Sin título

Dentro de un mes cumpliré treinta y seis años, y los mismos recuerdos del pasado y mis acciones carentes de virtud alguna me siguen atormentando.

¿Qué hice mal? No lo sé. Desde la perspectiva de una tercera persona, no he hecho nada mal. Al menos no bajo la moral actual, o peor: nada que merezca décadas de sufrimiento y arrepentimiento. No obstante, no puedo dejar de pensar en ello.

No es la intención repartir culpas y responsabilidades, pero probablemente el ambiente en que crecí tuvo mucho que ver: la exigencia de perfección ―que no de esfuerzo― en cada ámbito de mi vida, me hace descalificar cada una de mis acciones, decisiones y actitudes que, idealmente, no cumplen con los estándares esperados ―según noséquién―.

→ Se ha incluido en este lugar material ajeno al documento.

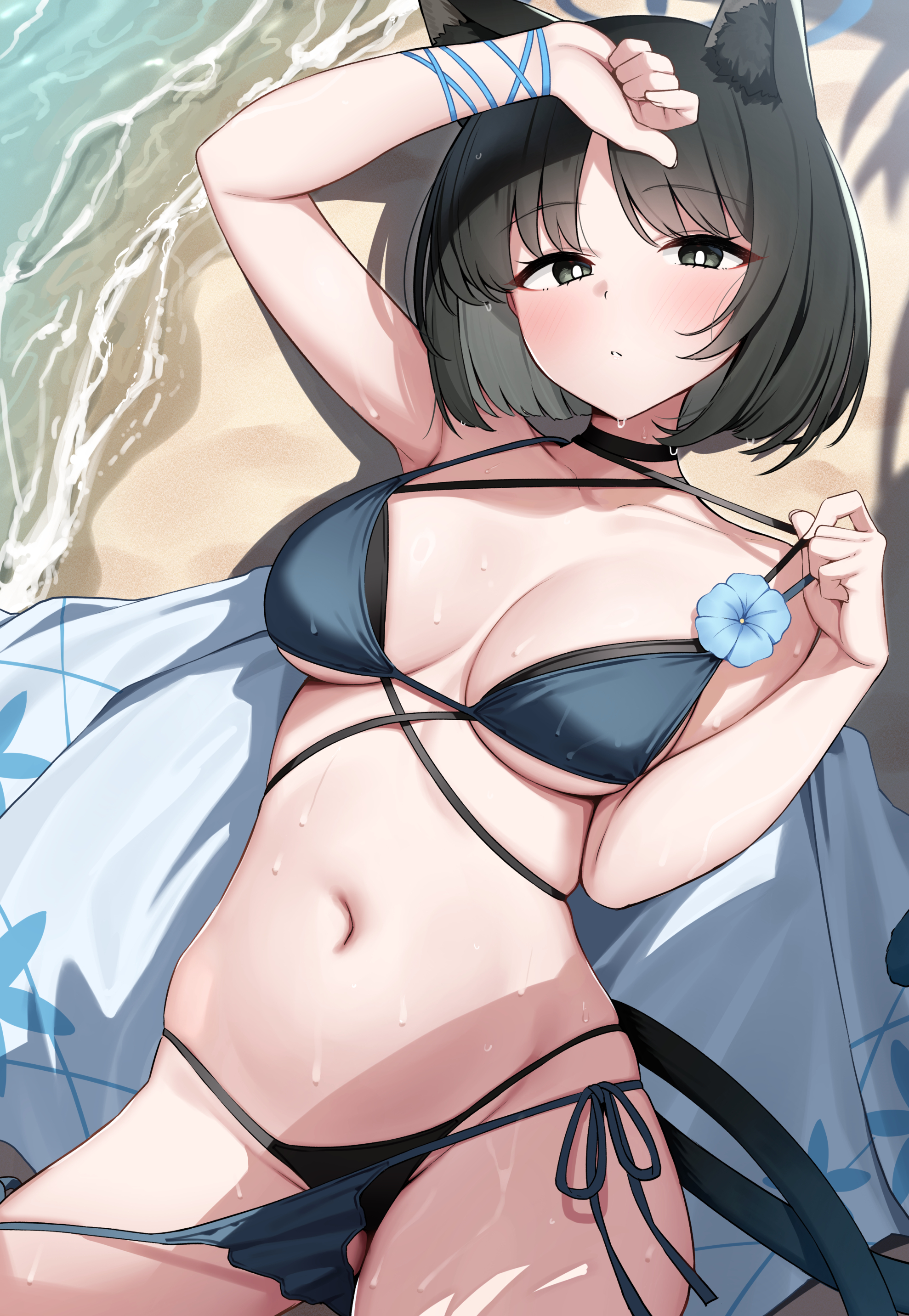 suiroh (shideoukami), kikyou (blue archive), blue archive, 1girl, :o, animal ears, arm up, beach, black hair, breasts, bright pupils, cat ears, cat girl, extra tails, flower, medium breasts, navel, ocean, panties, sand, sweat, swimsuit, tail, underwear, water, white pupils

―¿Debí actuar, elegir, pensar de una forma diferente aquella vez en 2004? ―me recrimino. ―¿Habrá tomado a mal mi comentario? ¿Debí agregar un emoticono para que no se mal interpretara? ―me llega a la mente tan pronto finaliza una interacción.

En fin. Poder trabajar esto y hacerlo consciente, nos ayuda a no repetir los mismos errores para con nuestra descendencia.

***

Hace unas semanas, decidí desinstalar las aplicaciones de redes sociales de mi teléfono. Descubrí que un par de horas ―es mentira― en ellas me generaba la misma recompensa que ocuparme de mis tareas de la vida real, y el resultado ha sido bastante positivo: me he creado mejores hábitos como hacer el aseo frecuente de la casa, lavar, doblar y planchar la ropa, leer más libros, pasar más tiempo de calidad con Noëlle, y un etcétera.

Desconectarte del contenido de las redes sociales también genera más tiempo para tener conversaciones propias. Sin embargo, para personas ansiosas como un servidor, esto puede también resultar contraproducente.